将来不安で後継者が減る

2018年12月12日

 農林水産省の記者クラブに所属する新聞記者が、漁業法改訂に関連した取材のために答志島に来た。ぜひ漁業権の管理実態を知ってもらおうと、朝9時から午後4時までびっしりと取材していただいた。まず鳥羽からの定期船のデッキの上から菅島水道の左右に広がるノリ、ワカメ、カキの区画漁業権の配置全体を見てもらった。さらに漁船を出してワカメのイカダのところまで行き漁場をぐるりと一周し、ここは成長がよいところ、ここはシケになるとワカメが落下しやすいところなど、決して漁場は一様ではないことから、組合員が公平になるように話し合いをして、それを区分し順に使用している実態を説明した。

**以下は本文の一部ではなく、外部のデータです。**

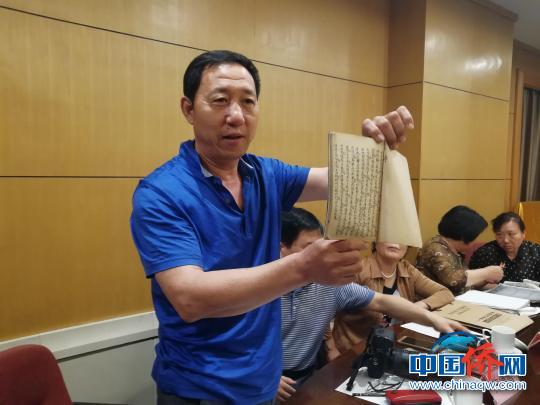 图为一战华工后裔马京东在展示爷爷的一份手稿。　孙婷婷 摄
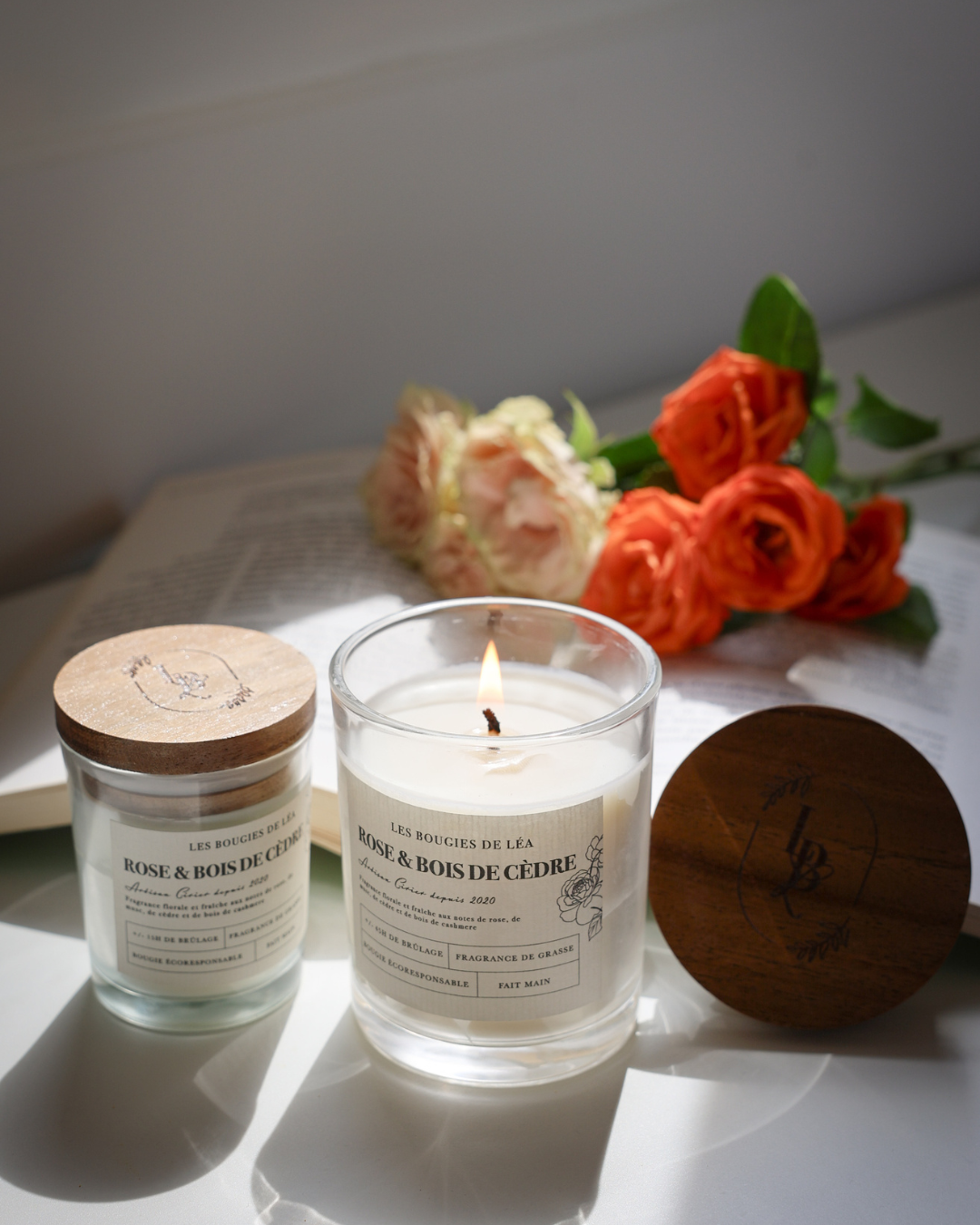 Bougies artisanales parfumées Rose & Bois de Cèdre Les Bougies de Léa allumée, sur une table avec un livre ouvert et des roses, à la lumière du soleil.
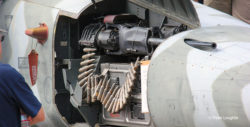 Close-up photo of the F-5E Tiger II gun compartment in the nose, showing a 20mm cannon and ammunition feed mechanism.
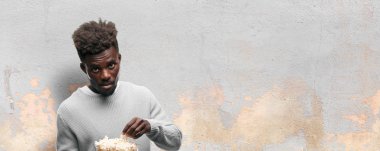 Genç adam patlamış mısır ile siyah. Sinema kavramı.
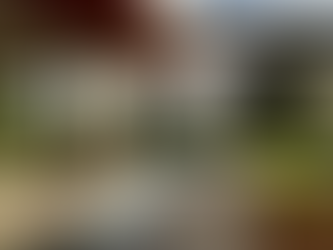 House extension designed with a gas fire pit and water feature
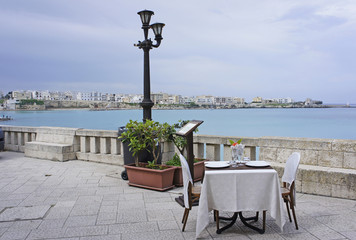 Italy, Puglia, Otranto, restaurant at the bay, referred to as the road of Otranto - obrazy, fototapety, plakaty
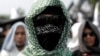 An Islamic group member covers his face with Hizbut Tahrir flag during a protest against the decree allowing the government to disband organizations deemed to run counter to the secular state, in Jakarta, Indonesia, July 28, 2017. 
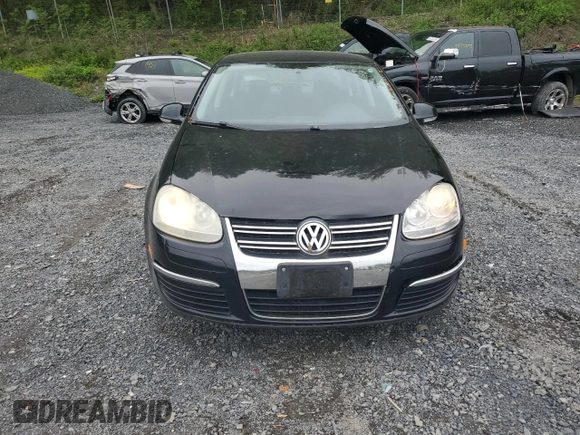 2009 Volkswagen Jetta S z VIN 3VWJZ71K09M010117, wystawiony jako Copart lot #56309165 z przebiegiem 181 692 mil mil oraz Szkoda całkowita • Salvage title. Historia ofert i sprzedaży dostępna na DreamBid. Obrazek 5.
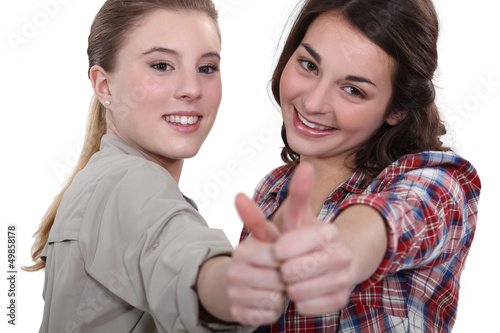 Photo: Two teenage girls giving the thumbs-up Two teenage girls giving the thumbs-up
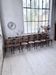 Set of 14 walnut bistro chairs.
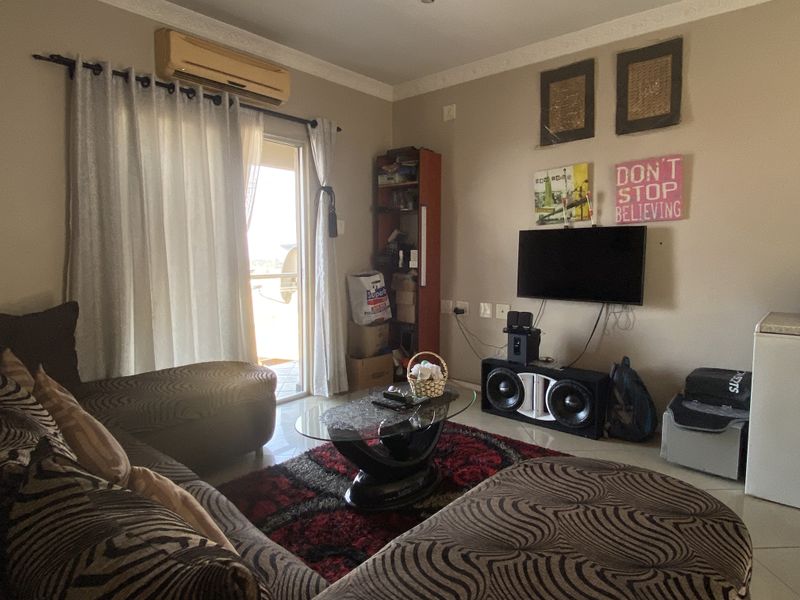 A living room featuring tiled flooring, coved ceilings, and a wall-mounted air conditioning unit with access to an outdoor balcony area.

 また、大手自動車会社のOBでワカメの手伝いに何度も来ていただいている方を呼んで「漁業の現場を初めて見た頃は、会社方式にすればずいぶんと効率化できるところがあると思った。しかしシケ続きで全然仕事がなかったり、そのあとは朝3時から午後7時まで家族総出で何日も働き続けなければ作業の遅れを取り戻せないなど、天候次第で作業工程が大きく左右される漁業分野は、9時から5時までの企業には向かないと思った」と企業人の立場から企業の漁業参入について語ってもらった。

 「優先順位がなくなり、企業が漁業に参入することをどう思いますか」の質問について漁業者からは「今でも息子に漁業を継がせるかどうか判断に迷う漁業者がいるが、今後は優先順位がなくなり漁業権がいつ企業に取り上げられるかの将来への不安から、漁業後継者が確実に減ることになると思う」であった。これは大変な皮肉である。国が優先順位をなくしたのはより高位の者が申請してくれば免許を失う者が、将来への不安から積極的投資ができないことを回避するという理由であったが、あいまいな新基準「適切かつ有効」は、企業以外のすべての漁業者に将来への不安を拡散させてしまったのだから。